Taking inspiration from the styles of Zaha Hadid and the “Bean” in Millennium Park, was this organically wild yet calming piece of architecture designed by Victoria Montoya and fabricated by Fabric Images Internacional. Playing off of shadows of light and dark to create texture, this fabric structure created a memorable connection with attendees. With a footprint of 20ft x 20ft, this structural fabric solution was a show stopper within an event celebrating interior designers, architects, and industrial and graphic designers.
The architecture was designed for the sponsor area of the Expo Habitat 2014 event and was purposed with creating a lounge atmosphere where attendees could escape the commotion of the show. Once in the space, it was a place to talk about trends in design and architecture. As for the solution itself, the designer was drawn to the characteristics of tensioned fabric but also envisioned the look of flowing waves across the surfaces.

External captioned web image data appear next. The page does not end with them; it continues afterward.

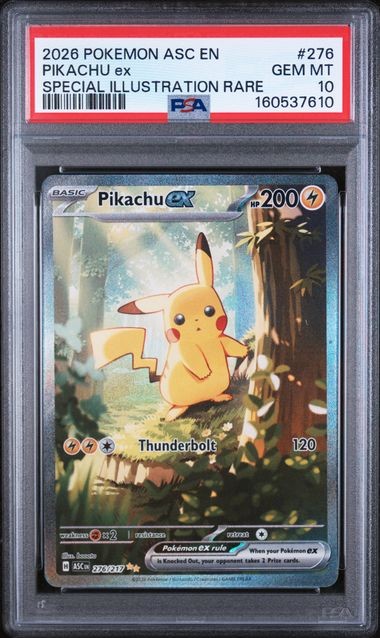 2026 Pokemon Asc EN-Ascended Heroes Pikachu EX Special Illustration Rare 276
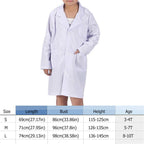 Kids White Lab Coat Doctor Scientist Fancy Dress Costume Boys Girls Book Week
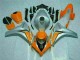 Loja Kits Carenagem Moto Honda CBR 1000RR 08-11 - Laranja Prata Loja Kits Carenagem Moto Honda CBR 1000RR 08-11 - Laranja Prata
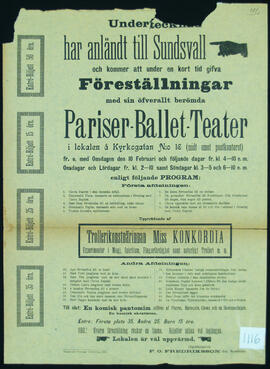 Affisch nr 1116, teater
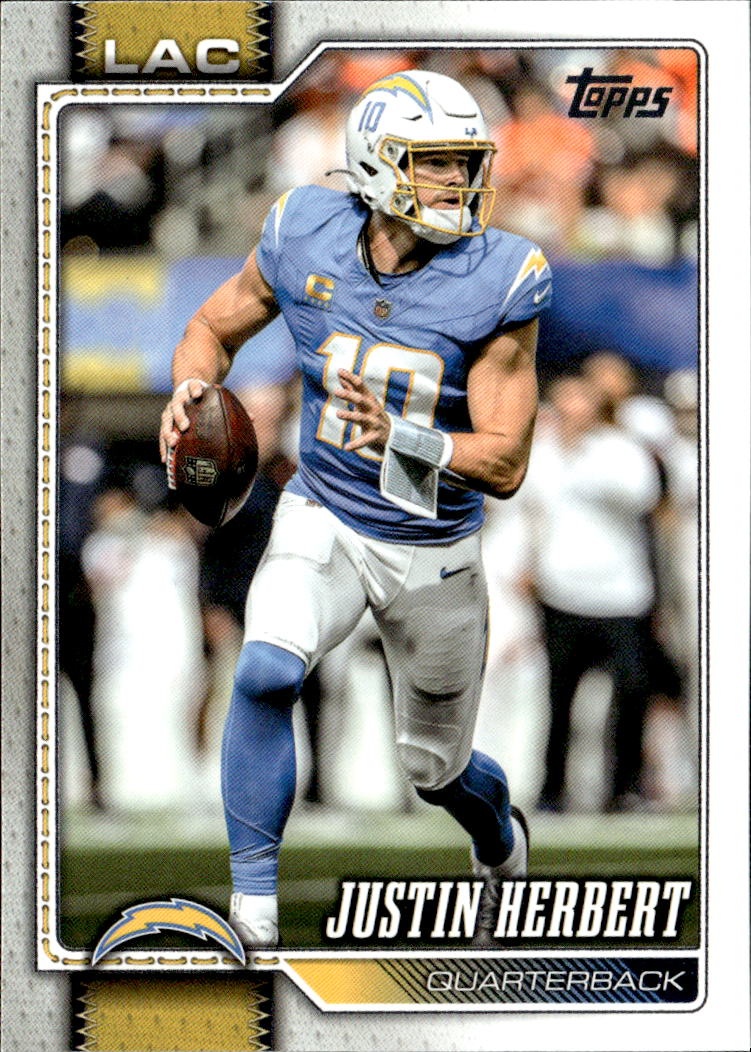 2026 Topps Justin Herbert graded slab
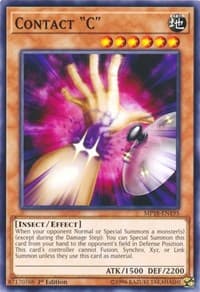 Contact "C" - 2018 Mega-Tins Mega Pack - YuGiOh card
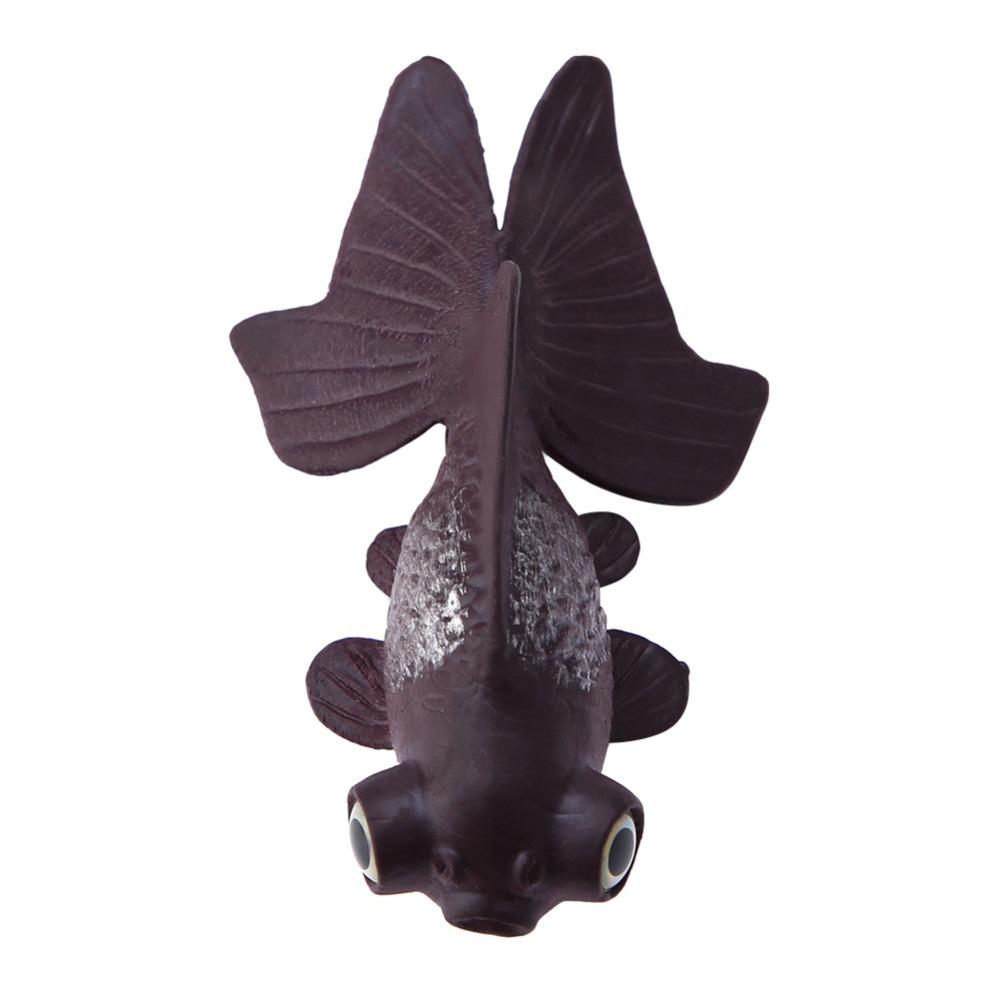 

Коричнева прикраса для акваріума Синя акваріумна декорація Штучна маленька рибка Декор з підробленою рибкою Рибка в акваріумі Brown Goldfish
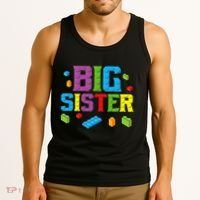 Big Sister Master Builder Building Bricks Blocks Family Set Tank Top thumb 3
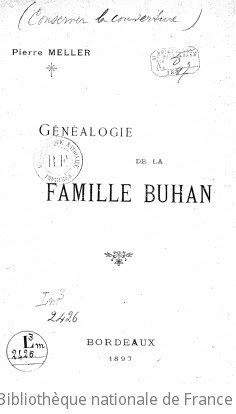 Généalogie de la famille Buhan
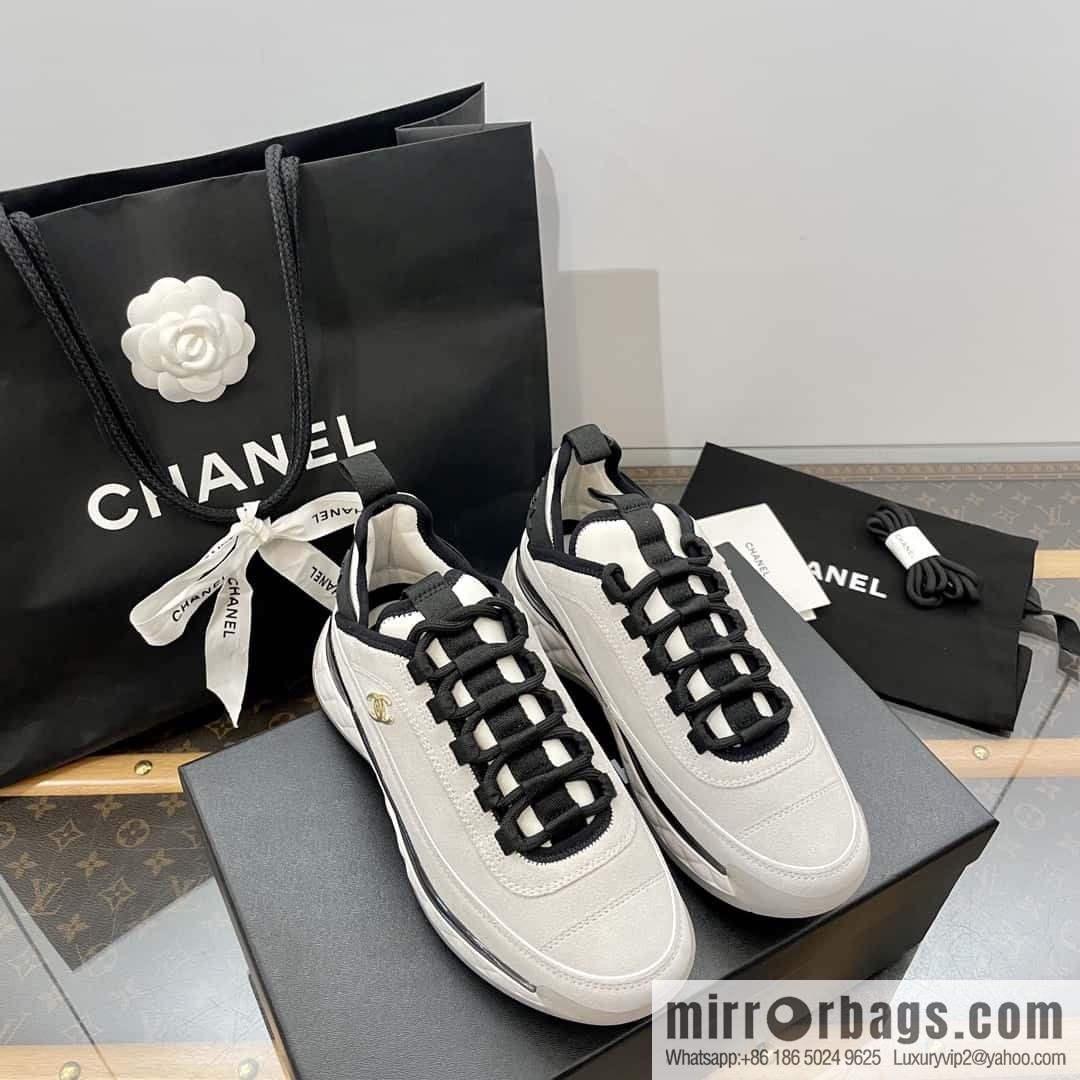 CHANEL Xiaoxiang The latest version of all-suede air cushion casual sneakers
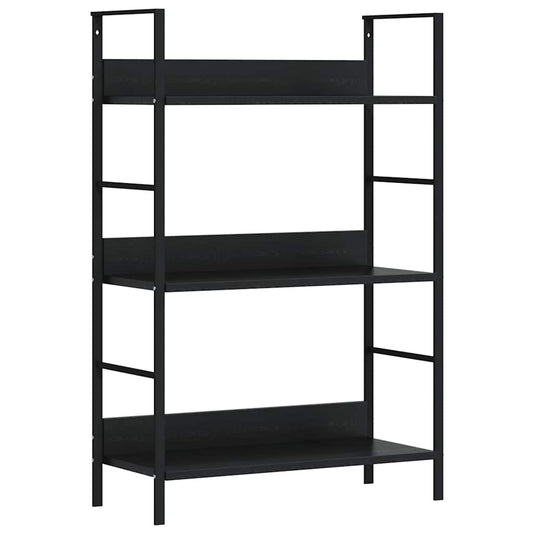 Shelf Cabinet Black Engineered wood, Steel Medium Bookshelf
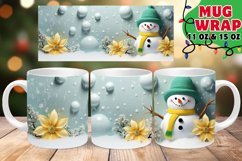 Snowy Serenity Christmas Mug Sublimation | 11oz &amp; 15oz Product Image 1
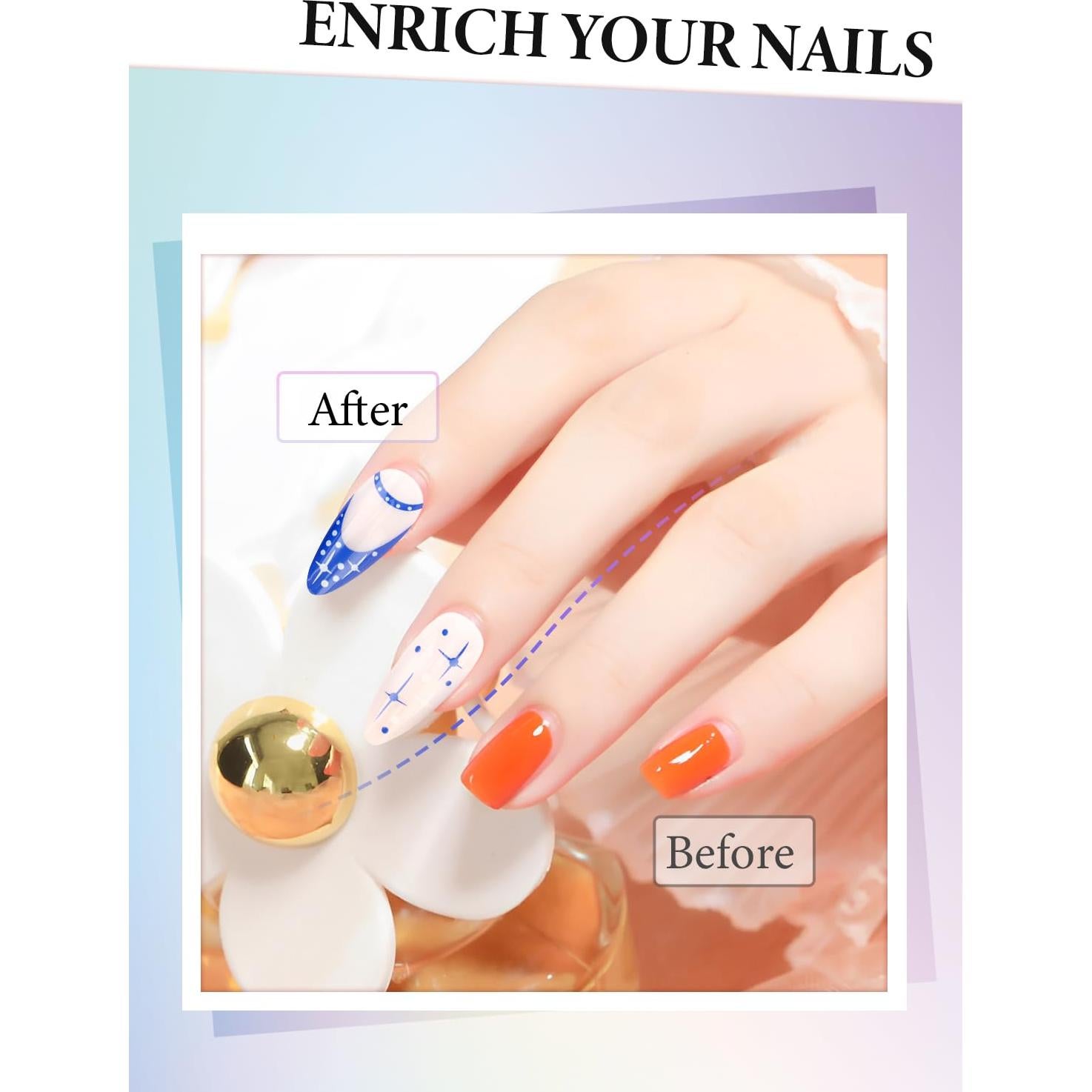 Juego de 10 Pinceles para Arte de Uñas YOOVR - Diseño Profesional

Capturing the essence of moving water over a stationary element was accomplished through a combination of graphics and lighting. The graphic was designed as concentric spherical geometry which was manipulated to generate a surface that does not have a beginning or an end. The graphic was printed onto a Celtic fabric using a dye sublimation print process. While this created a visually tactile effect, it was the addition of color-changing front lighting that added motion. Combined, these qualities resulted in a 3-dimensional effect of pattern and motion; or better yet, rippling water.
Helping the fabric to take form was a structural aluminum skeleton. The structure was designed with minimal cross-members, while being floor-supported with a single tether. The locations of the cross-members were strategically placed to allow the fabric to meet the organic form that was designed. This strengthened the airy and natural quality of the design, while still being structural, light weight and easy to install.
The architecture showcases the organic fluidity that can be accomplished with tension fabric architecture. Combining graphics and lighting proved to be a dynamic solution which captured the designer’s vision of moving water. The intrigue of “dimension” drew the attention of attendees and allowed for the discovery of the fluid and dynamic attributes that made the solution a success.